Ce texte développe un argument fort. Il n’évacue pas le réel, comme le fait le procès en paranoïa, mais fait porter le débat sur l’interprétation de ce réel. On ne peut que regretter que l’auteur n’ait pas appliqué cet argument aux deux sujets évoqués précédemment. « Pour le sociologue que je suis, explique Félicien Faury, il s’agit de rappeler tout un ensemble de faits objectifs, mais je n’avais pas non plus envie que tout mon livre se résume à du fact checking  des discours des électeurs interrogés. » Il se trouve que les faits derrière les discours sont la plupart du temps absents. Et quand il arrive au sociologue pourtant de faire ce fact checking c’est pour montrer que le réel invalide les propos des enquêtés. Pourquoi ne pas avoir fait de même pour les questions de sécurité et de religion ? Elles sont pourtant centrales. Voilà une occasion manquée de donner à cette enquête toute la profondeur qu’elle aurait méritée.

Le livre participe donc d’un réflexe bien installé à gauche voulant qu’il y ait des thèmes de droite ou des thèmes qui pourraient faire le jeu du RN… Cette gauche déserte de plus en plus de sujets tandis que l’extrême droite fait feu de tous les sujets, s’emparant des thèmes comme le pouvoir d’achat, la république, l’écologie, etc.
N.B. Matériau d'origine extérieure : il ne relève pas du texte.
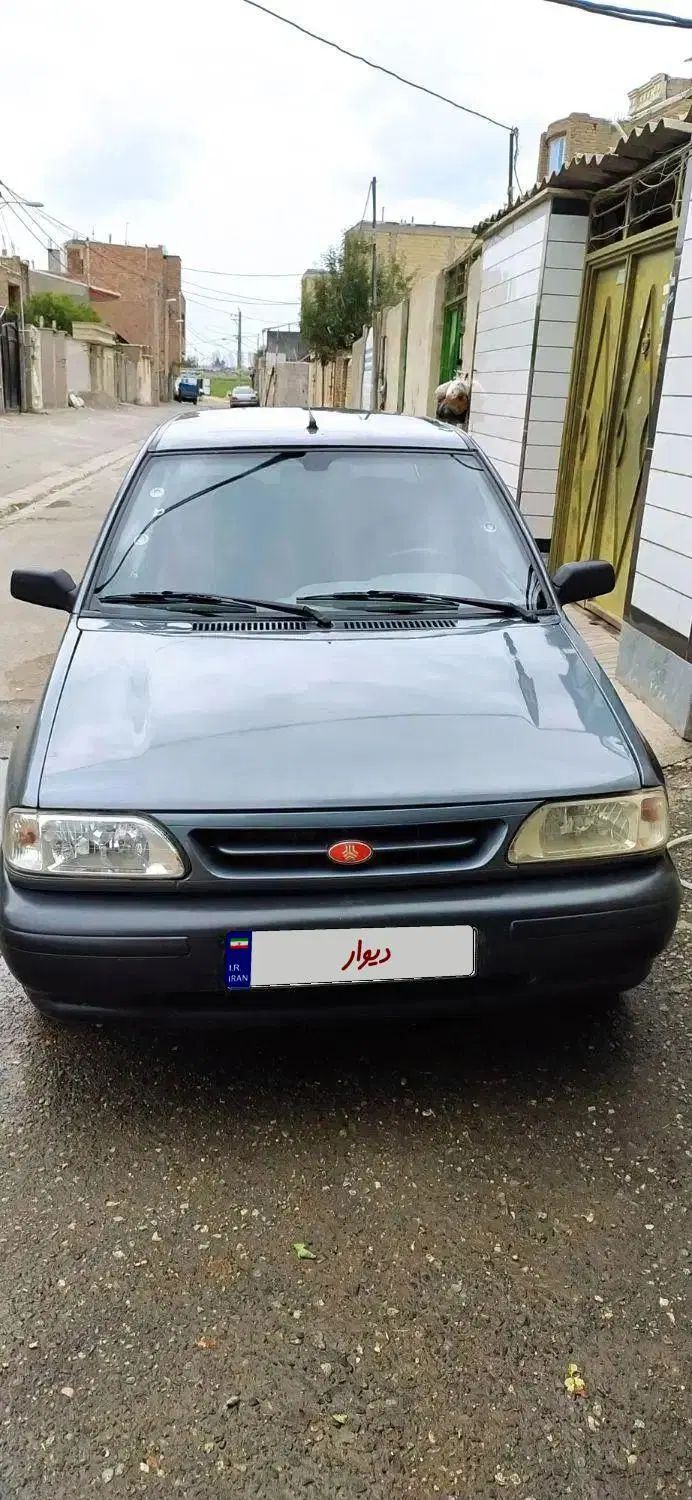 پراید 131 SE - 1394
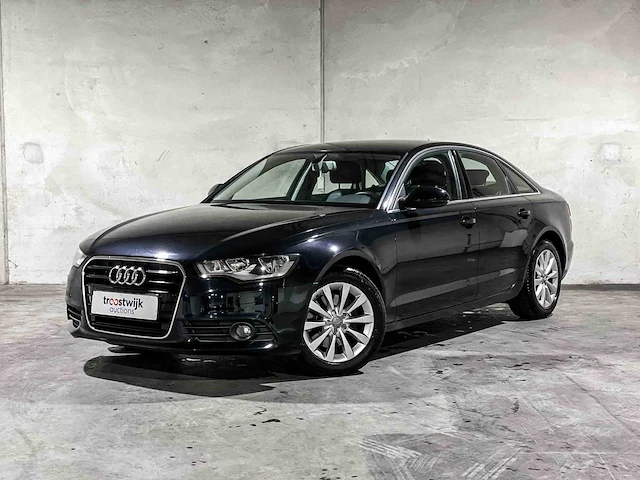 Audi a6 limousine 2.8 fsi pro line business 204pk 2013, 02-zvz-8 - afbeelding 12 van  44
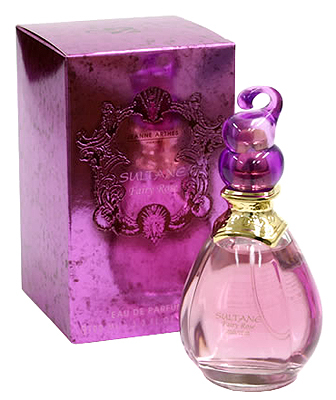 Sultane Fairy Rose Jeanne Arthes — аромат
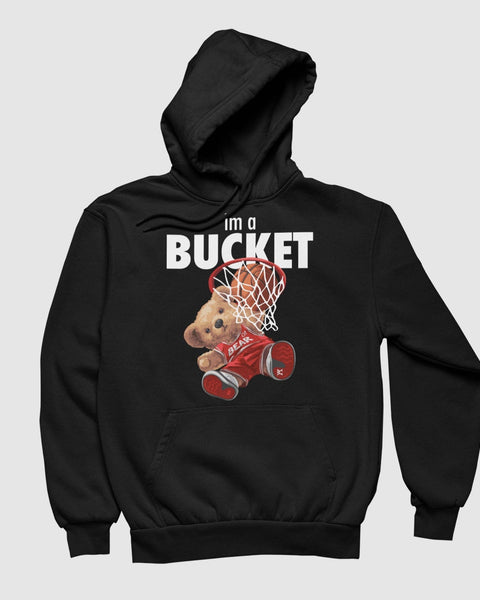 Youth I'm A Bucket Hoodie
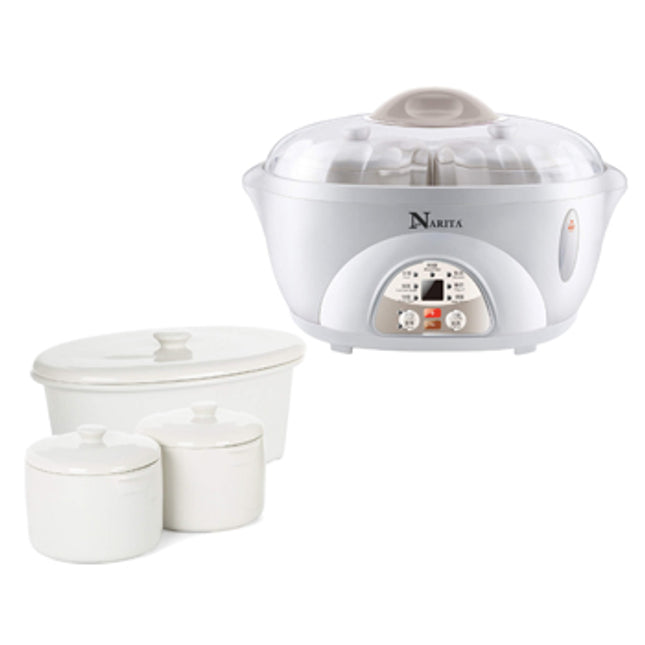 Digital Electric Stew Pot / 0.7L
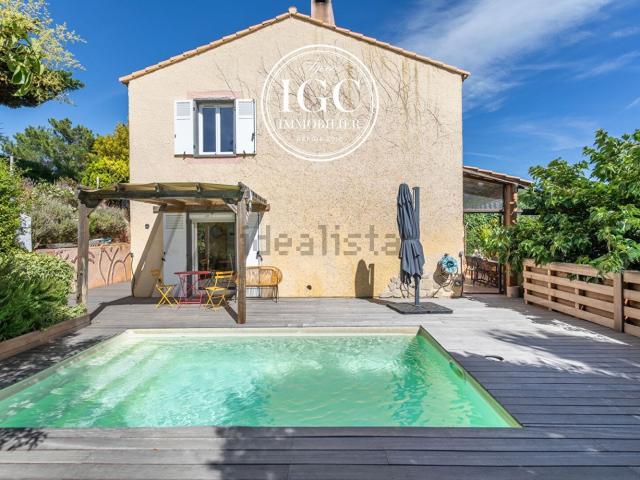 Maison, Sausset les Pins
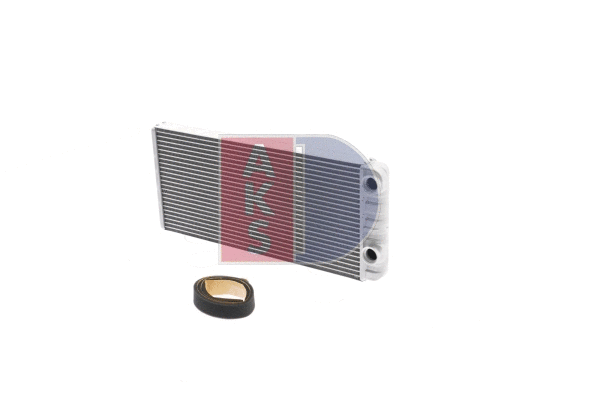 Heat Exchanger, interior heating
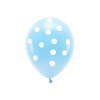 modre balonky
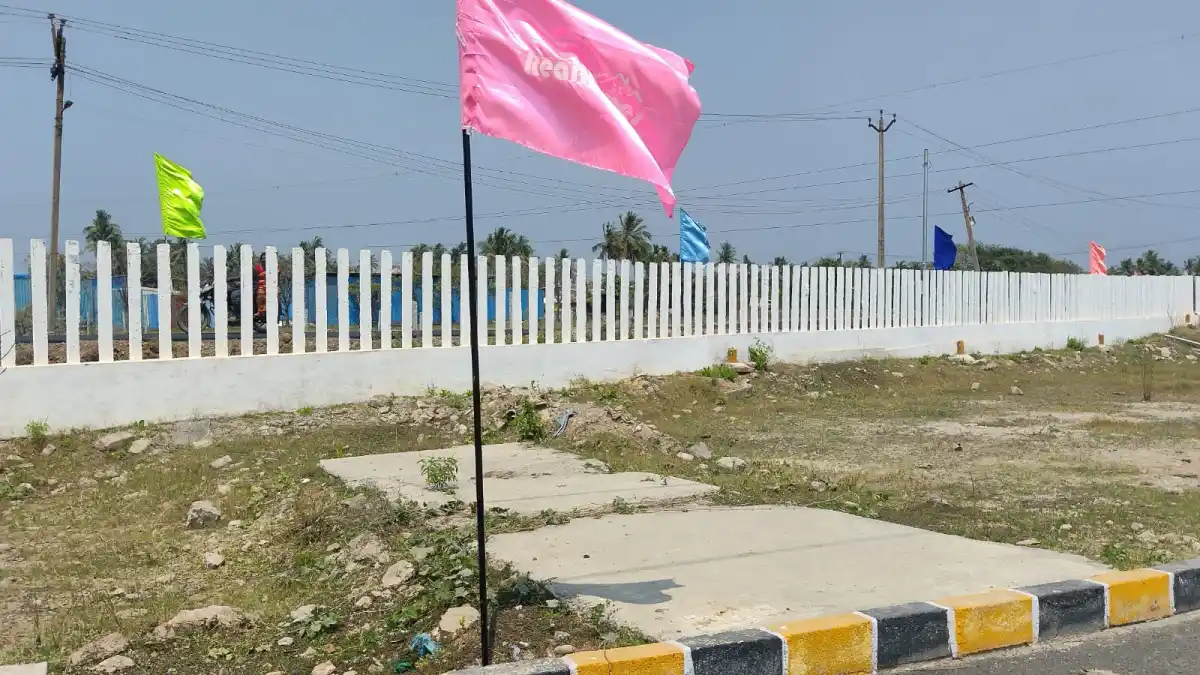 Guru Ganesh Nagar Paruthipattu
La gauche exclut de son domaine de compétence de plus en plus de questions ; à l’opposé de l’extrême droite qui, sans vergogne, s’empare de tout.

On peut considérer bien au contraire que c’est le silence gêné sur ces problèmes qui fait le jeu du RN. Il installe l’extrême droite dans la position confortable de celui qui dit le réel, tandis que la gauche serait synonyme de déni du réel, de refus de voir.

Pour éviter que la prise en charge de ces thèmes soient récupérés par le RN, il conviendrait de montrer qu’ils ne s’expliquent pas de façon naturalisante et individualisante, mais par des causes sociales (la pauvreté n’expliquant pas tout) et que ce sont les habitants des quartiers qui en sont les premières victimes. Le journal L’Humanité ne manque pas d’articles montrant comment des mères de tel ou tel quartier ont pu s’organiser contre les dealers, comment des parents ont pu constituer des patrouilles pendant les émeutes pour protéger écoles et gymnases, etc.

Florian Gulli est philosophe. Il est membre du comité de rédaction de Cause commune.